Kirby taught for 40 years at Round Lake Beach and Round Lake Village elementary schools, retiring in 2011. He also served as a board member of the former Avon school district and regional chair for the Illinois Education Association. He was elected last April to the District 116 board.
"He was a very opinionated person but he did it because he loved the community and the kids," said Nanci Radford, school board president. "He fought for what he believed in."
Friends and family described him as a hippie and an agitator -- a staunch supporter of labor, civil liberties and other social issues.
"He's one of those people you either loved him or hated him," said W. Guy Finley, who served eight years on the District 116 school board, including as board president from 2007 to 2010.
"He's a hard-core agitator. When you saw Kim, he was an old hippie who never gave it up," Finley said. "He was just a fantastic guy once you understood he had a job to do as president of the union."

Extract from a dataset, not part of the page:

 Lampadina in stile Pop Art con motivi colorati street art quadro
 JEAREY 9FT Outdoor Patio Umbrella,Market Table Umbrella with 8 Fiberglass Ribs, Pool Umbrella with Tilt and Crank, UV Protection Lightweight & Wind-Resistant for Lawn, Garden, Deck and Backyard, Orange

Finley said he was backed by teachers in his run for office but told Kearby, one of the organizers and longtime president of the Education Association of Round Lake, that he wouldn't be a union shill.
"We just want people that care and will give us a fair shake. That's all," Finley recalled Kearby responding.
Kearby was the public face of labor about 20 years ago during a 38-day teachers strike.
"That strike was a really big moment in Round Lake history and took a long time for people to move past," Finley said. "Those who blamed him for the strike blamed him for the financial turmoil that followed." But that was not the case, Finley added.
Jeanne Kearby said it was her husband who encouraged the district to bring in state officials to help with its financial problems. State oversight or authority over finances lasted about 10 years until 2011.
Finley said Kearby helped in the district's recovery by selling pay freezes and reductions to union members.
"He was on the front lines," Jeanne Kirby said. "He realized everyone had to hurt a little to bring the district to solvency."
She said her husband fought for "wall-to-wall" union representation to include not only teachers but also secretaries, custodians and other district workers.
"He was a simple man that was respected for his efforts, trusted because of his compassion and loved for his honest and commitment," she said.